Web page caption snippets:
+===+

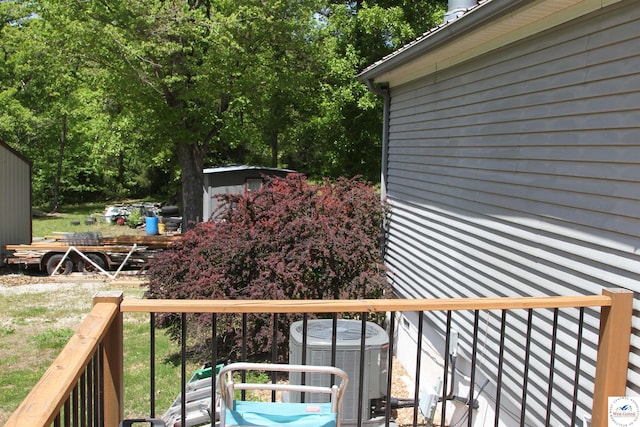 wooden terrace featuring a shed, central air condition unit, and an outbuilding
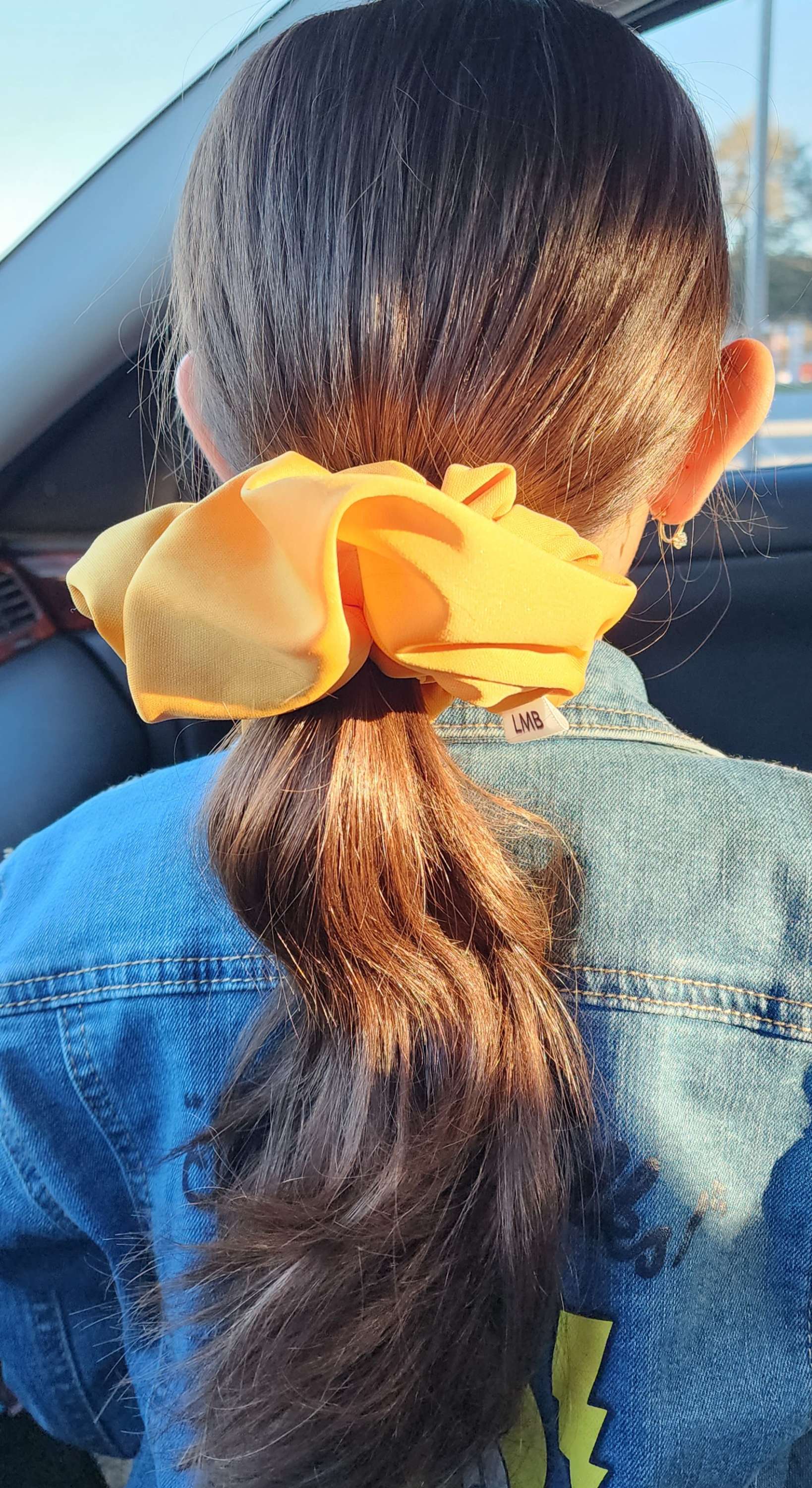 XL knit scrunchie in yellow holding long hair in a ponytail
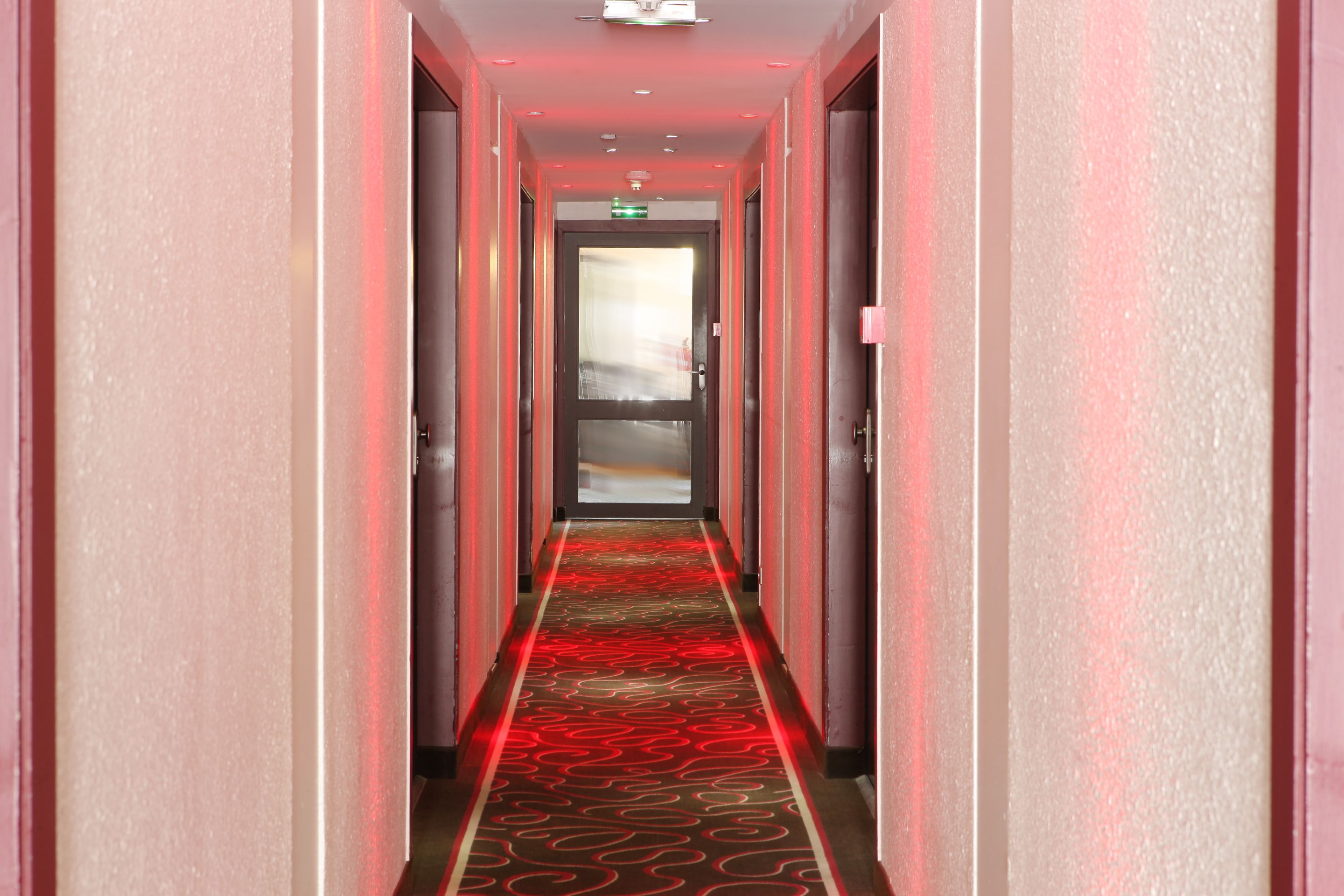 A hotel hallway with a red carpet and a glass door at the end.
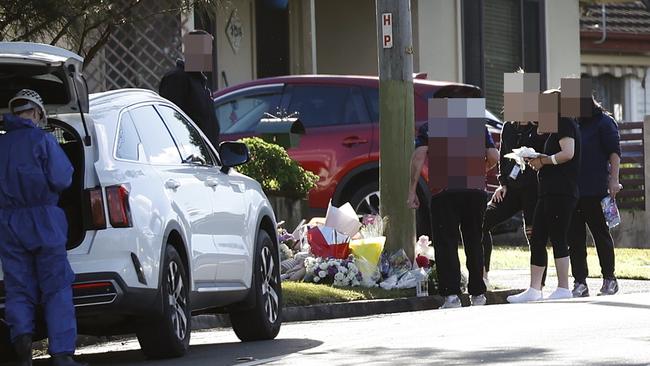 Family members and detectives visiting the floral tributes. Picture: Richard Dobson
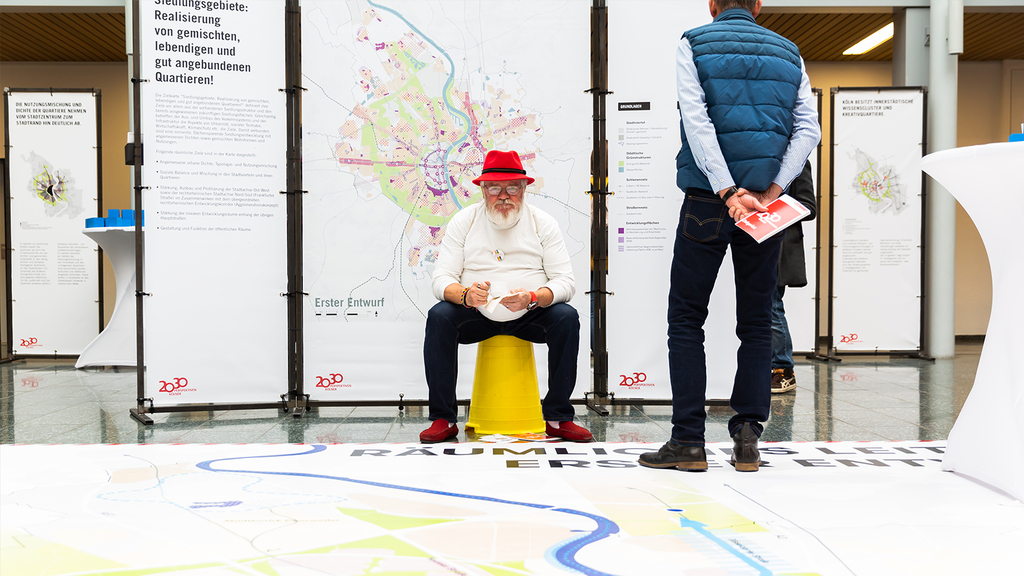 Das Foto zeigt eine teilnehmende Person des zweiten Zukunftsforums an einer Arbeitsstation. Eine zweite Person informiert sich an den Kartenaushängen.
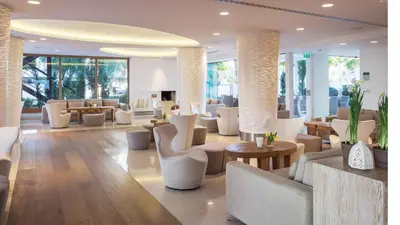 a lobby with white chairs and tables and windows at Alasia Boutique Hotel in Limassol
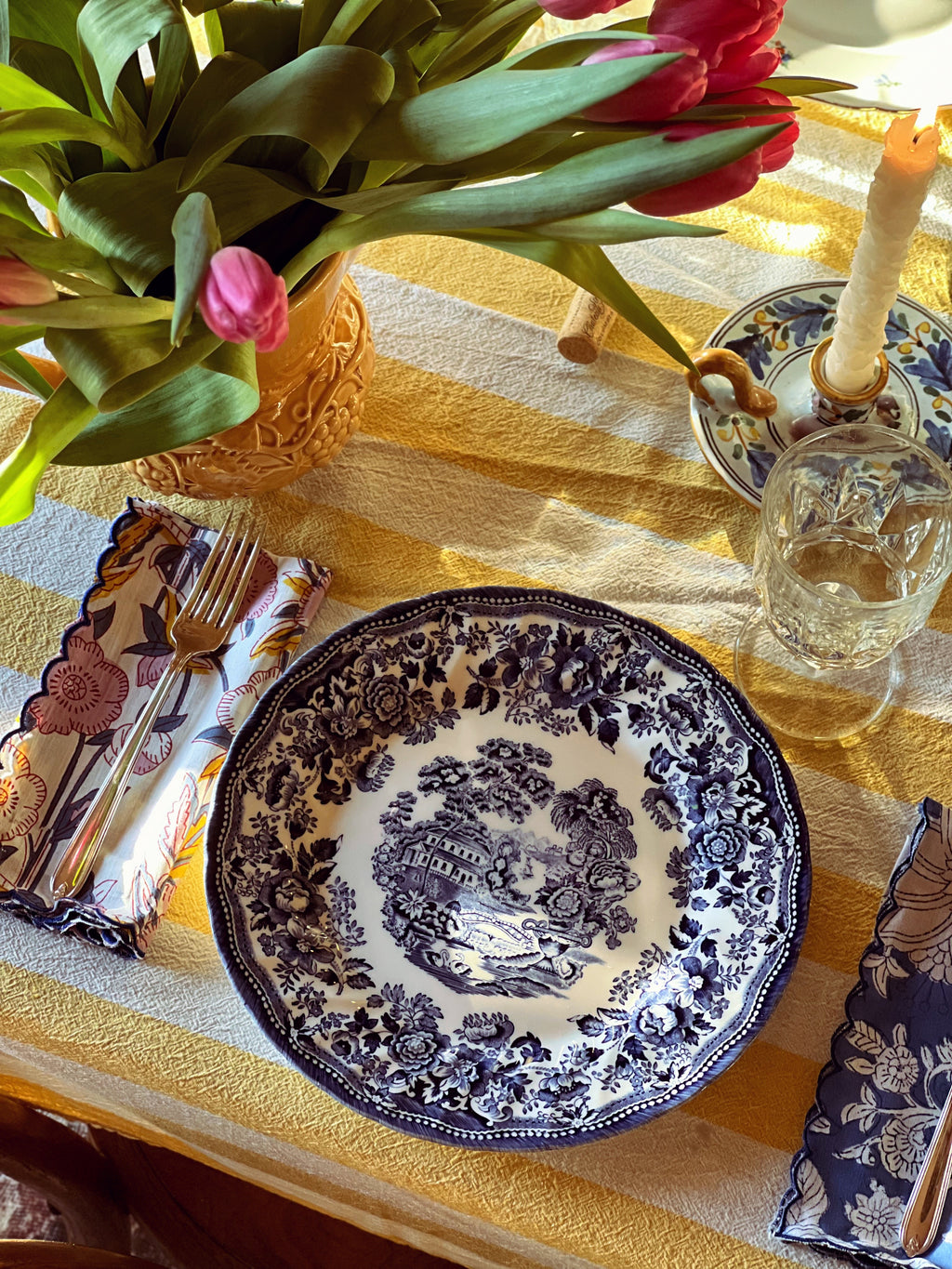 Decorative table setting with a blue and white plate, pink tulips, and yellow tablecloth.
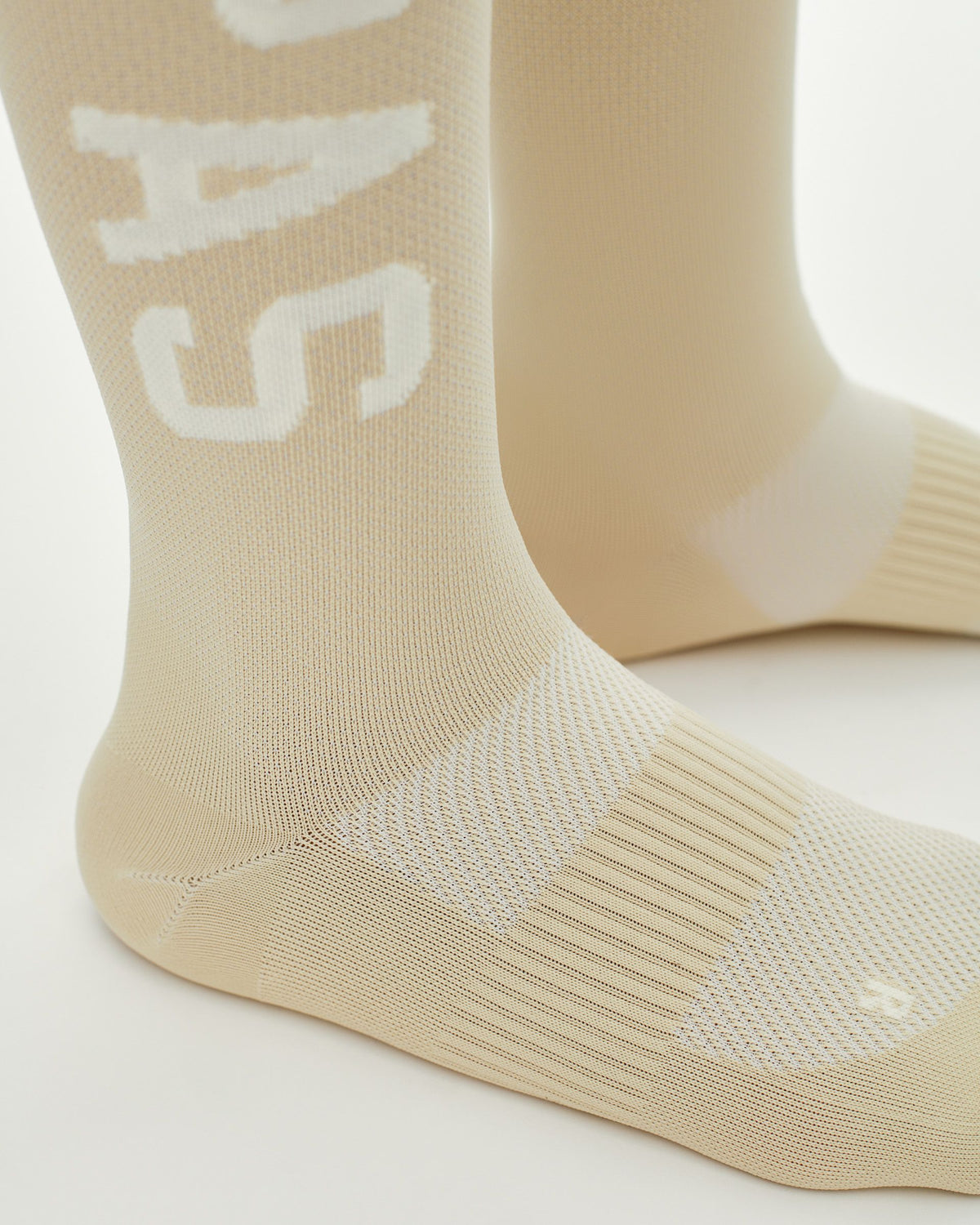 Cream PAS Race cycling socks, side view with white logo and ribbed cuff #Color_Cream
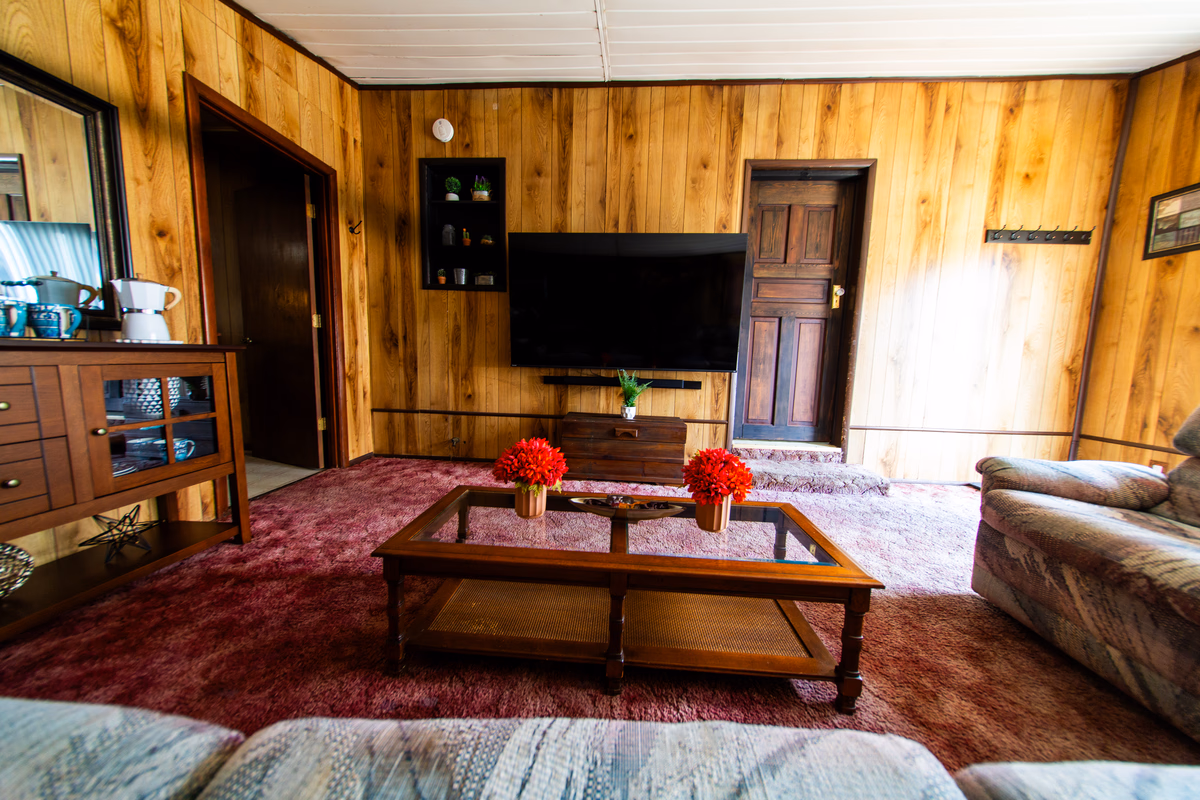 Warm wood-paneled common room in a real SILK Homes property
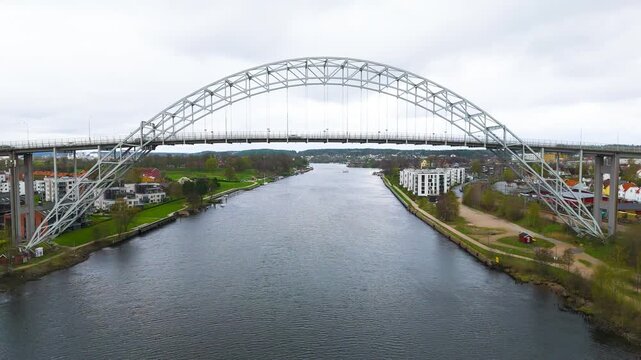 symmetrical steel arch bridge glomma river rippling water apartments neighborhoods stretch into distance fredrikstad norway wide drone view urban infrastructure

+===+

Exercise prompt: Omitting the images, output each record precisely as written.

Solution:
 wooden terrace featuring a shed, central air condition unit, and an outbuilding
 XL knit scrunchie in yellow holding long hair in a ponytail
 A hotel hallway with a red carpet and a glass door at the end.
 Family members and detectives visiting the floral tributes. Picture: Richard Dobson
 Das Foto zeigt eine teilnehmende Person des zweiten Zukunftsforums an einer Arbeitsstation. Eine zweite Person informiert sich an den Kartenaushängen.
 a lobby with white chairs and tables and windows at Alasia Boutique Hotel in Limassol
 Decorative table setting with a blue and white plate, pink tulips, and yellow tablecloth.
 Cream PAS Race cycling socks, side view with white logo and ribbed cuff #Color_Cream
 Warm wood-paneled common room in a real SILK Homes property
 symmetrical steel arch bridge glomma river rippling water apartments neighborhoods stretch into distance fredrikstad norway wide drone view urban infrastructure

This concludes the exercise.